Work order
From the line containing "両国国技館大会で荒井優希を相手に防衛戦を行う渡辺未詩" to the last line of the listing, transcribe exactly and add nothing else; keep both ends and omit pictures.
+ + + + + + +
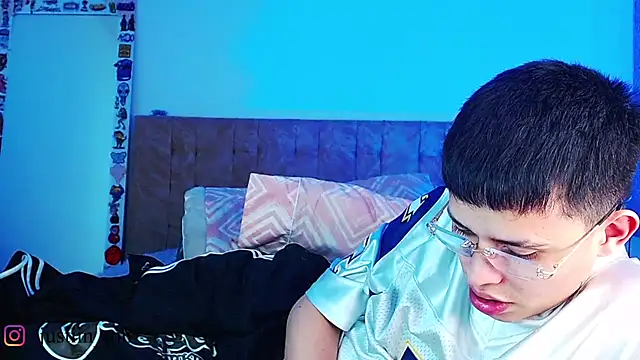 הופעת וובקאם של _justinmoon2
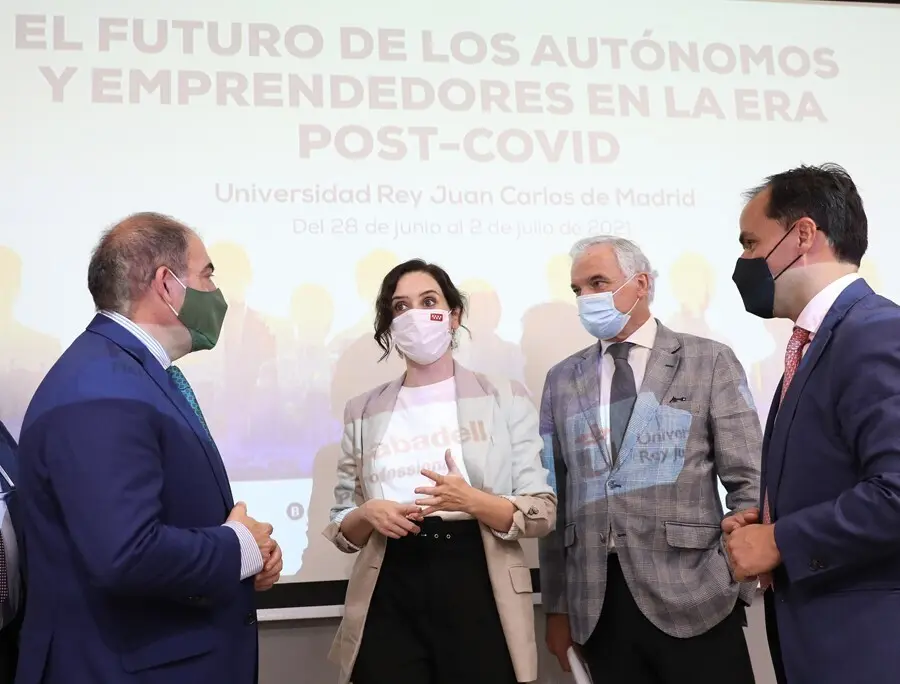 (I-D) El presidente de ATA y vicepresidente de CEOE, Lorenzo Amor; la presidenta de la Comunidad de Madrid, Isabel D&iacute;az Ayuso; el presidente de ATA, Miguel Garrido; y el rector de la Universidad Rey Juan Carlos (URJC), Javier Ramos, conversan durante la c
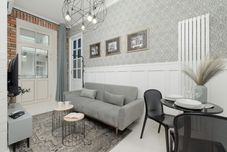 Others Air Conditioning & Balcony by Renters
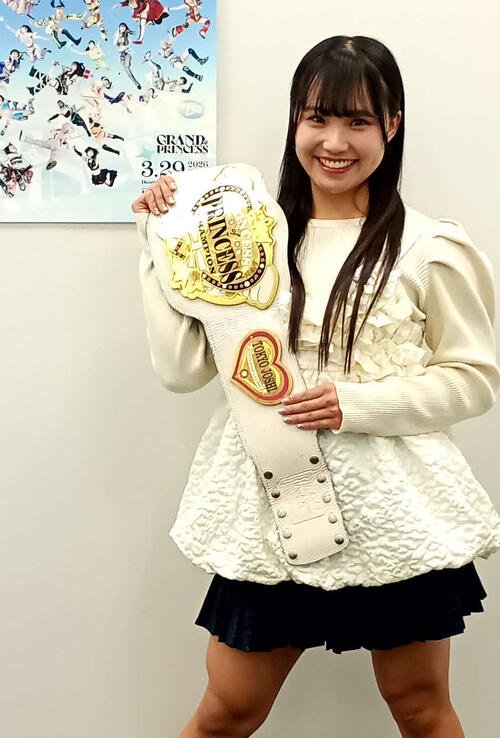 両国国技館大会で荒井優希を相手に防衛戦を行う渡辺未詩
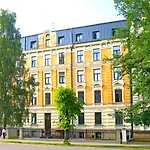 Cozy Flat In Art Nouveau Area *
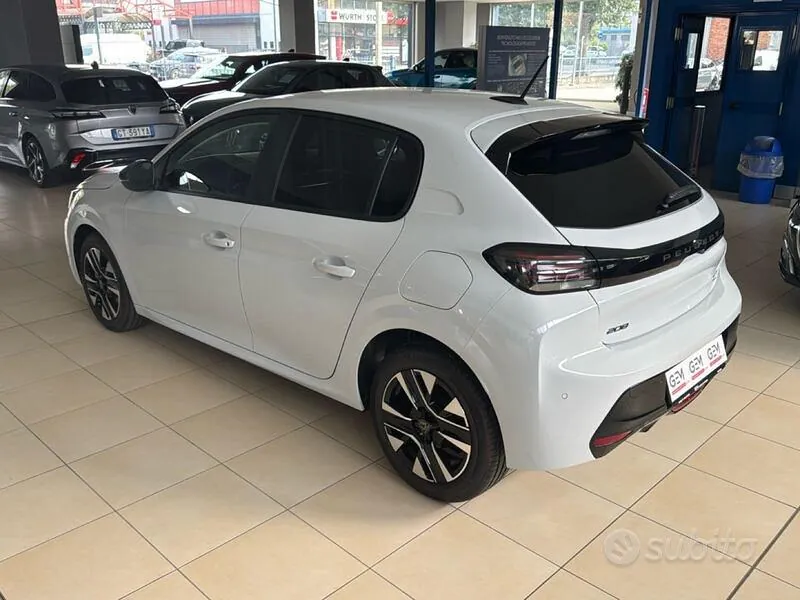 Peugeot 208 2026 photo 3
+ + + + + + +
Result of the exercise
 両国国技館大会で荒井優希を相手に防衛戦を行う渡辺未詩
 Cozy Flat In Art Nouveau Area *
 Peugeot 208 2026 photo 3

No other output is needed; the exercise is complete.